'The' and 'A' in Czech

Discussion in 'Grammar & Pronunciation' started by Cloudy, Dec 8, 2006.

  1. Cloudy

    Cloudy Member

    How do you correctly use 'the' in Czech sentences? For instance, how would you say something simple, like :

    The man is Czech and the woman is American.

    And does Czech really use 'a', or is it okay to drop it?
  2. dzurisova

    dzurisova Well-Known Member

    My understanding is that in speaking Czech, this and that is used but not the. In your example one might say

    Pán je Čech a žena je Američanka. But if you wanted to say a This man is czech and that woman is american then you would use Tento pán je Čech a tamta žena je Američanka.
  3. scrimshaw

    scrimshaw Well-Known Member

    A taky myslím , že můžeš používat to, kdyby předmět byl středni rod.
    For neutral=

    Tohle(toto) auto si včera koupil stryč.

    Tohle(toto)==now that I think about it, I am not sure how to say that there in neutral. Tamto?
  4. dzurisova

    dzurisova Well-Known Member

    Scrimshaw, I don't understand what you are saying. Are you saying that you also think that you have to use the when speaking czech?
  5. scrimshaw

    scrimshaw Well-Known Member

    No, no. Dzurisovak. I am agreeing with you,
    that generally ten and ta refer to this and that as opposed to the, but
    for neutral words how wouyld thius and that be said.
    I am thinking maybe toto and tamto.
  6. dzurisova

    dzurisova Well-Known Member

    Oh, I guess I don't get the rest of your sentence because I believe:

    means "I also think that you must use it"

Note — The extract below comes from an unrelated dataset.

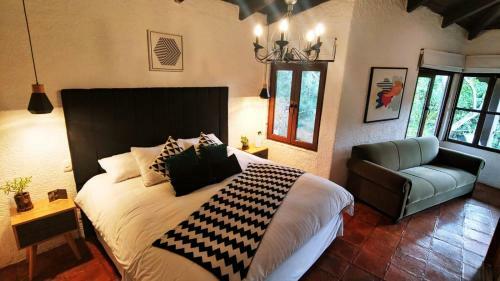 Hermosa Casa Con Vista A Los Volcanes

    Please translate the rest of the sentence so I get it. :oops: :)
  7. scrimshaw

    scrimshaw Well-Known Member

    ok..I will write in english. I do not think my czech is good enough to try to comment about grammar.

    Ten, ta, and to I agree with you mainly mean THIS and THAT instead of THE.

    ten for masculime=mužsky rod=tento and tamten
    ta for feminine=ženský rod=tato a tamta
    to for neuter=středni rod= toto and tamto
  8. scrimshaw

    scrimshaw Well-Known Member

    I wrote předmět(subject), but what I meant was the noun that THIS or THAt refers to.

    Seems that I make things unnecessarily complicated.
    Zdá se, že dělám věci zbytečně složité.
    ......., že dělám zbytečně, aby tyhle věci byli složité.
    but I do not think that is right because I think the adverb zbytečně defines složitý, not the verb.
    ......, že dělám, aby tyhle věci byli zbytečně složité.

    I am just proving my point, right?
    Prostě prokázám svou položku, že ano?
  9. wer

    wer Well-Known Member

    Typically, we use no articles. We use demonstrative pronouns to stress definiteness and adjective nějaký (= some) to stress indefiniteness.

    (muž = man, žena = woman, pan/pán = mister/master, paní = madam, lady)
    More or less, it is so. But in this case I prefer "ten muž je Čech a ta žena je Američanka" as translation for "the man is Czech and the woman is American".

    Yes, that's tamto.

    No, můžeš means you can, you must is musíš.

    Yes, this is natural. Or maybe even "..., že vše dělám zbytečně složité".
    Yes, it means "... that I unnecessarily make so that these things are complicated" and it's overcomplicated. The first translation is much better.
    And this means "... that I make so that these things are unnecessarily complicated". It's better than preceding, but it's also overcomplicated.
    Prokázat is very formal verb meaning to show evidence.

    Položka means item.

    Scrimshaw, don't overuse question tags (..., right? ..., are you? ). They are infrequent in Czech.
  10. Cloudy

    Cloudy Member

    Ahh, thanks so much everyone!
  11. dzurisova

    dzurisova Well-Known Member

    Thank you wer. I also get "to see" and "to know" mixed up.
  12. Zeisig

    Zeisig Well-Known Member

    No wonder. The verb vědět (= to know) was derived from the perfect stem of the verb vidět (= to see) in Proto-Slavic. Vím (= I know) essentially means viděl jsem (= I have seen).
  13. dzurisova

    dzurisova Well-Known Member

    Hmmm, very interesting. We also say "I see" in English when we mean that we realize something.